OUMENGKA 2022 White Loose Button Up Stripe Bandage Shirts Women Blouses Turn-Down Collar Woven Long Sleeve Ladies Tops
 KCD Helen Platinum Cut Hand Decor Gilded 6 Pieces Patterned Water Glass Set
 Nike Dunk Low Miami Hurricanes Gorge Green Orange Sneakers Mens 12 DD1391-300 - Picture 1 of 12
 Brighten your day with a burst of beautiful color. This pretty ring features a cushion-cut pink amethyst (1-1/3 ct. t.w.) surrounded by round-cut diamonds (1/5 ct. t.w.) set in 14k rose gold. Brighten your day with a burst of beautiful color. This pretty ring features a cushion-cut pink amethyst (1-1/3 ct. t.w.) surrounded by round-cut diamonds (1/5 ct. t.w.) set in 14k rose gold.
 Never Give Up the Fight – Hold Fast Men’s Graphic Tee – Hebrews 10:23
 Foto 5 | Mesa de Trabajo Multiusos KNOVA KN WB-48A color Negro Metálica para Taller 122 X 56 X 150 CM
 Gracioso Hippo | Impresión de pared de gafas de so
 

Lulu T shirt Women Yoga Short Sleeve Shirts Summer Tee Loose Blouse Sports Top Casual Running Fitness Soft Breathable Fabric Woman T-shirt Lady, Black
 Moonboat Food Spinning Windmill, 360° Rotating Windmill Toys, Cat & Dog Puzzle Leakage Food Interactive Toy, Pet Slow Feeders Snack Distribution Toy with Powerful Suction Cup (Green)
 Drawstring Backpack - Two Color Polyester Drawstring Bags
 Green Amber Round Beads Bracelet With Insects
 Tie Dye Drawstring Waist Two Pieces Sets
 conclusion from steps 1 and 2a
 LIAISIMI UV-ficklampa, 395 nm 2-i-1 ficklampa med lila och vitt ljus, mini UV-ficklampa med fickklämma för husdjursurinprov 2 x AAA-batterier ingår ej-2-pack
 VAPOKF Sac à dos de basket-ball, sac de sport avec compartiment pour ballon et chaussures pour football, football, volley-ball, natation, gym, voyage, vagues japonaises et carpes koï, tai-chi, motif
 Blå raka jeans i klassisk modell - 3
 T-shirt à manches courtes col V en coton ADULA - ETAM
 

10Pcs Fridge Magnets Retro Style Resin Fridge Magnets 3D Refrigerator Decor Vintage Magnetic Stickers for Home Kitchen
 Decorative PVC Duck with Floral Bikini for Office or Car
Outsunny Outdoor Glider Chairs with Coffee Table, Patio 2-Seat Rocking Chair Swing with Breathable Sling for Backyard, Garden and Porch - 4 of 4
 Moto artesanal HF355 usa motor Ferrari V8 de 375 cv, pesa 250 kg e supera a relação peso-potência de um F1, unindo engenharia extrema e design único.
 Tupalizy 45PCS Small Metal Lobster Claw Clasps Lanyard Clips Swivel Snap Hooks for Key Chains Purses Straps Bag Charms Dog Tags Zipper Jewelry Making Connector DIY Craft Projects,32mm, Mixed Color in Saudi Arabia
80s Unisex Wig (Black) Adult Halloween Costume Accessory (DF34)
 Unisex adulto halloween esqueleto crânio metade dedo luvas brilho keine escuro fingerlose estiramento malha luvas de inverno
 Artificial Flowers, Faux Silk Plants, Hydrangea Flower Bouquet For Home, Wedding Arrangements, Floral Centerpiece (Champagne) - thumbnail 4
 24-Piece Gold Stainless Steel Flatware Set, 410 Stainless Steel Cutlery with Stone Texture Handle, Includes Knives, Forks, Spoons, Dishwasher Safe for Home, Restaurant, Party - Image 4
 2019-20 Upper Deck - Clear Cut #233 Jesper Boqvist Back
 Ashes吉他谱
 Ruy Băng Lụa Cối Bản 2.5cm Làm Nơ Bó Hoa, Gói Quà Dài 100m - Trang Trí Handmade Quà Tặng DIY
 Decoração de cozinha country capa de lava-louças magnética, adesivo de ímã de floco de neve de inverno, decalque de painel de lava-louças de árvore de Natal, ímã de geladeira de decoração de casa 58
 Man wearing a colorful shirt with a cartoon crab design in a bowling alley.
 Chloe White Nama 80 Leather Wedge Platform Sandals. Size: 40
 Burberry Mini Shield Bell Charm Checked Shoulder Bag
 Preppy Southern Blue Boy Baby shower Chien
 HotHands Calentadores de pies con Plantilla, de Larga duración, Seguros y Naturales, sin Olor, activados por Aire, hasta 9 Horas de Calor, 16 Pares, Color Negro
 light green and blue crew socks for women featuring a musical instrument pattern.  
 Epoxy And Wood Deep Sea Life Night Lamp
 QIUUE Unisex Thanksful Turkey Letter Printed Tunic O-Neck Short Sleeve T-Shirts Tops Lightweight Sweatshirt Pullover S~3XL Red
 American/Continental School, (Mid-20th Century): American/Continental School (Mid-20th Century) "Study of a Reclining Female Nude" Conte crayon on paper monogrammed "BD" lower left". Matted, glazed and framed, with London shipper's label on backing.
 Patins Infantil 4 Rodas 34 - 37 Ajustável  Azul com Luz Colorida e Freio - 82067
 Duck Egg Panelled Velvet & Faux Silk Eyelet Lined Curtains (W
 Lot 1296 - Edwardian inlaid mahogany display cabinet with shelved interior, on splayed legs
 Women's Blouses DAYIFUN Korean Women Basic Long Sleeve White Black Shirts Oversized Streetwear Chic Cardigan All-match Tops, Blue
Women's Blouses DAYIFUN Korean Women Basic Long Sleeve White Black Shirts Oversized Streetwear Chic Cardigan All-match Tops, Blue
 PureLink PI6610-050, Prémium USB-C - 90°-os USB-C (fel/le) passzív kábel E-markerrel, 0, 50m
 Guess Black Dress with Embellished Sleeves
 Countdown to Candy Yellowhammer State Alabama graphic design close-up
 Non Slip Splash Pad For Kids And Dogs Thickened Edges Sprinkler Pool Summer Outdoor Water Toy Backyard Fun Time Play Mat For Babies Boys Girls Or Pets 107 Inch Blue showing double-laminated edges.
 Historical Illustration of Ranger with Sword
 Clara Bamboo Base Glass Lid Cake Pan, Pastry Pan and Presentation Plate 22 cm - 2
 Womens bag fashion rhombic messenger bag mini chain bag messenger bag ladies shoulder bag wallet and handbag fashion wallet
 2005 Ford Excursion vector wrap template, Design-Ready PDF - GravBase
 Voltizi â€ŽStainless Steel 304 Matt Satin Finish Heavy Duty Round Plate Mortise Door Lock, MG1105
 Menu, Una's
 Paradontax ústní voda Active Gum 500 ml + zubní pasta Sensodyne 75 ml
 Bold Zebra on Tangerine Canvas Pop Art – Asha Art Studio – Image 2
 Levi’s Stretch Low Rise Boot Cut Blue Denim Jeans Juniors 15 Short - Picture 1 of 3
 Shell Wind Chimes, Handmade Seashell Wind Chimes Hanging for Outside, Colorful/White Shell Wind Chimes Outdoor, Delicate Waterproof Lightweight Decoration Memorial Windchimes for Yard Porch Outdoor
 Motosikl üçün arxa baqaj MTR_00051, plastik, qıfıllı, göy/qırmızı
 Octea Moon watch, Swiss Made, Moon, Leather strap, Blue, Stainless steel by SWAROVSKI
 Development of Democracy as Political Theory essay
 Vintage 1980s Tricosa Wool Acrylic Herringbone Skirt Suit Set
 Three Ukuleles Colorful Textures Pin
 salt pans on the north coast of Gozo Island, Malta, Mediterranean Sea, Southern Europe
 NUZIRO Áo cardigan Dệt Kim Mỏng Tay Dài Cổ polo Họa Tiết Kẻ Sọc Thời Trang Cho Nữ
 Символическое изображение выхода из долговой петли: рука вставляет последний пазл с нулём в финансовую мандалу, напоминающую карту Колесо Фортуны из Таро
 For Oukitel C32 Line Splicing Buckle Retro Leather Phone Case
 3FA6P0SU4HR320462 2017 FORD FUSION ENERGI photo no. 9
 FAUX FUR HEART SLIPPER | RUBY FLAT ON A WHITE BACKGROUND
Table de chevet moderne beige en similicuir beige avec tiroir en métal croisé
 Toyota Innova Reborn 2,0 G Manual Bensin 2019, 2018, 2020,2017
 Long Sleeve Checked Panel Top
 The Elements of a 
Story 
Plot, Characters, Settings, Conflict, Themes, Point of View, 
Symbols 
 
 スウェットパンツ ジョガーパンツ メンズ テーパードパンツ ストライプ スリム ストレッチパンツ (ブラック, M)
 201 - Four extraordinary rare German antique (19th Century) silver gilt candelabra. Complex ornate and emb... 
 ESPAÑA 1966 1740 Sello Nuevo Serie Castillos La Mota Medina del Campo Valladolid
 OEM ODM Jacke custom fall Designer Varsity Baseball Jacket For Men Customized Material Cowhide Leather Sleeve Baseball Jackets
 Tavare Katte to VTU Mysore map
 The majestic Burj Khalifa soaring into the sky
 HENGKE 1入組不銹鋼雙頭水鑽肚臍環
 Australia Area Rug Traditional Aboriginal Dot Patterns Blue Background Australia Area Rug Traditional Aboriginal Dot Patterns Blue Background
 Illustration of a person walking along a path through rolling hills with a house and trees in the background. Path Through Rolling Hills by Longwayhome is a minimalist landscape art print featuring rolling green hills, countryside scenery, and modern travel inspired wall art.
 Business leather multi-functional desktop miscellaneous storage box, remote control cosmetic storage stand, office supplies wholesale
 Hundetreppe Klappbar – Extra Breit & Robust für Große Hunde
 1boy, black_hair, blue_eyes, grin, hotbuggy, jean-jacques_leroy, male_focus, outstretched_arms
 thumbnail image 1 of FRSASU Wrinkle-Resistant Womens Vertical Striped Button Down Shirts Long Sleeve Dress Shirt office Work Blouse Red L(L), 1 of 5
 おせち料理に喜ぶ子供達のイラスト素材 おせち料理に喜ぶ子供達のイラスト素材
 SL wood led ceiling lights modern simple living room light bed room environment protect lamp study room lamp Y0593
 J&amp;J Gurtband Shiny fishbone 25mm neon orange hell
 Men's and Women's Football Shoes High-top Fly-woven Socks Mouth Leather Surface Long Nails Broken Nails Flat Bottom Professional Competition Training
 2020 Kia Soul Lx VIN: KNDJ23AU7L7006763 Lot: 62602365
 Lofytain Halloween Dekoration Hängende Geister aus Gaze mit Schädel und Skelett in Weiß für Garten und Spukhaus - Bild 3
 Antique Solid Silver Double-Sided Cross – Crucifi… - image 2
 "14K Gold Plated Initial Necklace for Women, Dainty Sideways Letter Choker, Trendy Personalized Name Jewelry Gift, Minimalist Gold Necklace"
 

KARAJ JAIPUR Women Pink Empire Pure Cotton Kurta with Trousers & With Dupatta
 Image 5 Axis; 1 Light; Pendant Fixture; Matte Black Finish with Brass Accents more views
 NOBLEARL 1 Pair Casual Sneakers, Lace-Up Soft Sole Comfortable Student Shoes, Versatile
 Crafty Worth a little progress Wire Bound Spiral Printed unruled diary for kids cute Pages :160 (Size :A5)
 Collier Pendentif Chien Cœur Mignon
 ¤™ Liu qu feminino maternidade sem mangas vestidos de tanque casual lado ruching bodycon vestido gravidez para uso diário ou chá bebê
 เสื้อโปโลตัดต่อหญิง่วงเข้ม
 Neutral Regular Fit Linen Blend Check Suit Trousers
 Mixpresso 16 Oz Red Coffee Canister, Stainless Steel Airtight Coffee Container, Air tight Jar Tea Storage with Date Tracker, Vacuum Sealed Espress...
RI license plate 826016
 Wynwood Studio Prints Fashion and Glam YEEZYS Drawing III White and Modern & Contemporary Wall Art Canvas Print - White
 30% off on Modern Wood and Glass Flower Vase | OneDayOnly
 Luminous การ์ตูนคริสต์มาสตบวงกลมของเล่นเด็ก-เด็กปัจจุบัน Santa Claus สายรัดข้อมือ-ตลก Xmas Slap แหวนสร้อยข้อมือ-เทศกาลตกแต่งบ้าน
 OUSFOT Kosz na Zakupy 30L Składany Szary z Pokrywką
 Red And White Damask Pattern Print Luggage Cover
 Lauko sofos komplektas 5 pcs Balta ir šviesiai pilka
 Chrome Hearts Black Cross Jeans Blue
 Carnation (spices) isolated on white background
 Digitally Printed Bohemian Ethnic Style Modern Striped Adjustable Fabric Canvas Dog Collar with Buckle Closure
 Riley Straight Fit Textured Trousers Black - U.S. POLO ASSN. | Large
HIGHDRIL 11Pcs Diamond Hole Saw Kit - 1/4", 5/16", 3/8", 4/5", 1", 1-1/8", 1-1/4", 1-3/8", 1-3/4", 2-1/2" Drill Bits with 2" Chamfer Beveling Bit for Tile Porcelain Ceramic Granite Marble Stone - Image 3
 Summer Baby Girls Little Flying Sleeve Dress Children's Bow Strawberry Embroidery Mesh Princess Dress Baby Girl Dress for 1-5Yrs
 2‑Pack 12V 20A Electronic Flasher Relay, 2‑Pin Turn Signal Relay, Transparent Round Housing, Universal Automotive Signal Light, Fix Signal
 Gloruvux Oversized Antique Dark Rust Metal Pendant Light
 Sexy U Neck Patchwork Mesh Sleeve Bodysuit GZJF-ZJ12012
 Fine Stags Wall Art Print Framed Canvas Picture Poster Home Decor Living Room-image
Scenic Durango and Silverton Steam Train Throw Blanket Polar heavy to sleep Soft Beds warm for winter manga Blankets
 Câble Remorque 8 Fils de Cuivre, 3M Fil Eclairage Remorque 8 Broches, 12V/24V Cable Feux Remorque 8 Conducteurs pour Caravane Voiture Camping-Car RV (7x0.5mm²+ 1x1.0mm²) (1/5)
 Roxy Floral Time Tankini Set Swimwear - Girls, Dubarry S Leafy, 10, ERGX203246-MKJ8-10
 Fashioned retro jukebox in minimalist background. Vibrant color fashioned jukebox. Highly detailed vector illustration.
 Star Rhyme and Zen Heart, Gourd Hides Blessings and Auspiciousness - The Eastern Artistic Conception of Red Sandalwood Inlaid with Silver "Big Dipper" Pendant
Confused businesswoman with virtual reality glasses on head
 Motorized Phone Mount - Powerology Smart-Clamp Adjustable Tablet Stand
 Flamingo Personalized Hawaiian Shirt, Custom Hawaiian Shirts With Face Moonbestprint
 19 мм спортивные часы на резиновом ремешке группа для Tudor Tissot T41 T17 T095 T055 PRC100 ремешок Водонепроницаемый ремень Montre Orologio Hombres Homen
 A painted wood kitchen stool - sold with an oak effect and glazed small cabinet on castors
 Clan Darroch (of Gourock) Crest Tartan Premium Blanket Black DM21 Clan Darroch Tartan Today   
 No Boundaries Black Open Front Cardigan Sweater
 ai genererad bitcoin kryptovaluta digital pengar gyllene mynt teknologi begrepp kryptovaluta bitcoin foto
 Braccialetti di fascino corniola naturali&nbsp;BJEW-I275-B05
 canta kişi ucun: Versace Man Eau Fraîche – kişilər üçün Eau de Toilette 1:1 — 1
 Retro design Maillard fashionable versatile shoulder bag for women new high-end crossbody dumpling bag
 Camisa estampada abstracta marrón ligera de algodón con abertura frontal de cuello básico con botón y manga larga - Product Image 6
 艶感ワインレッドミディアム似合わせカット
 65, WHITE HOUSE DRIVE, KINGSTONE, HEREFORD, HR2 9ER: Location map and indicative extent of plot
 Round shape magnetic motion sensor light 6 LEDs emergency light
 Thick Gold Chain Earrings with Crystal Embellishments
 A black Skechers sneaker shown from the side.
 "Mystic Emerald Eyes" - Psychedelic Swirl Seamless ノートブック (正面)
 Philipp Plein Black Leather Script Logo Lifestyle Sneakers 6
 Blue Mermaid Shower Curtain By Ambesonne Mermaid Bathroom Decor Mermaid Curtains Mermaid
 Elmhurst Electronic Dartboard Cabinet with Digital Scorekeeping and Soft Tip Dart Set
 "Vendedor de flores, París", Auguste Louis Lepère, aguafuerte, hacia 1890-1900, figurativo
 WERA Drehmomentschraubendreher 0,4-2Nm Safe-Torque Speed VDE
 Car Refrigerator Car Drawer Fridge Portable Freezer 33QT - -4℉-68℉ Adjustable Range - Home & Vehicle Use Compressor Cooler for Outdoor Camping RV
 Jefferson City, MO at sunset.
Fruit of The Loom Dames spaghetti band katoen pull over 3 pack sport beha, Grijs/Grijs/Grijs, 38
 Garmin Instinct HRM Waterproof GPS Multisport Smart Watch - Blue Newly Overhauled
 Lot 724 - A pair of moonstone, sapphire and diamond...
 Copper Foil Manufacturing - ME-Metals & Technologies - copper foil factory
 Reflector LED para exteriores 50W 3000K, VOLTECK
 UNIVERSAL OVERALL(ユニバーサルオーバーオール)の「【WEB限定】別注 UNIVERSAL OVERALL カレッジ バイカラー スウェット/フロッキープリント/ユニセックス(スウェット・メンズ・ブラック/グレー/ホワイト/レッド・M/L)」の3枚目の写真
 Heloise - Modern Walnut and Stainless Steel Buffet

·····

→ **Exercise aim**: The listing above holds a line with "Carnation (spices) isolated" and a line with "No Boundaries Black". Print the stretch from the first through the second, exactly and alone.

→ **Response below**:
 Carnation (spices) isolated on white background
 Digitally Printed Bohemian Ethnic Style Modern Striped Adjustable Fabric Canvas Dog Collar with Buckle Closure
 Riley Straight Fit Textured Trousers Black - U.S. POLO ASSN. | Large
HIGHDRIL 11Pcs Diamond Hole Saw Kit - 1/4", 5/16", 3/8", 4/5", 1", 1-1/8", 1-1/4", 1-3/8", 1-3/4", 2-1/2" Drill Bits with 2" Chamfer Beveling Bit for Tile Porcelain Ceramic Granite Marble Stone - Image 3
 Summer Baby Girls Little Flying Sleeve Dress Children's Bow Strawberry Embroidery Mesh Princess Dress Baby Girl Dress for 1-5Yrs
 2‑Pack 12V 20A Electronic Flasher Relay, 2‑Pin Turn Signal Relay, Transparent Round Housing, Universal Automotive Signal Light, Fix Signal
 Gloruvux Oversized Antique Dark Rust Metal Pendant Light
 Sexy U Neck Patchwork Mesh Sleeve Bodysuit GZJF-ZJ12012
 Fine Stags Wall Art Print Framed Canvas Picture Poster Home Decor Living Room-image
Scenic Durango and Silverton Steam Train Throw Blanket Polar heavy to sleep Soft Beds warm for winter manga Blankets
 Câble Remorque 8 Fils de Cuivre, 3M Fil Eclairage Remorque 8 Broches, 12V/24V Cable Feux Remorque 8 Conducteurs pour Caravane Voiture Camping-Car RV (7x0.5mm²+ 1x1.0mm²) (1/5)
 Roxy Floral Time Tankini Set Swimwear - Girls, Dubarry S Leafy, 10, ERGX203246-MKJ8-10
 Fashioned retro jukebox in minimalist background. Vibrant color fashioned jukebox. Highly detailed vector illustration.
 Star Rhyme and Zen Heart, Gourd Hides Blessings and Auspiciousness - The Eastern Artistic Conception of Red Sandalwood Inlaid with Silver "Big Dipper" Pendant
Confused businesswoman with virtual reality glasses on head
 Motorized Phone Mount - Powerology Smart-Clamp Adjustable Tablet Stand
 Flamingo Personalized Hawaiian Shirt, Custom Hawaiian Shirts With Face Moonbestprint
 19 мм спортивные часы на резиновом ремешке группа для Tudor Tissot T41 T17 T095 T055 PRC100 ремешок Водонепроницаемый ремень Montre Orologio Hombres Homen
 A painted wood kitchen stool - sold with an oak effect and glazed small cabinet on castors
 Clan Darroch (of Gourock) Crest Tartan Premium Blanket Black DM21 Clan Darroch Tartan Today   
 No Boundaries Black Open Front Cardigan Sweater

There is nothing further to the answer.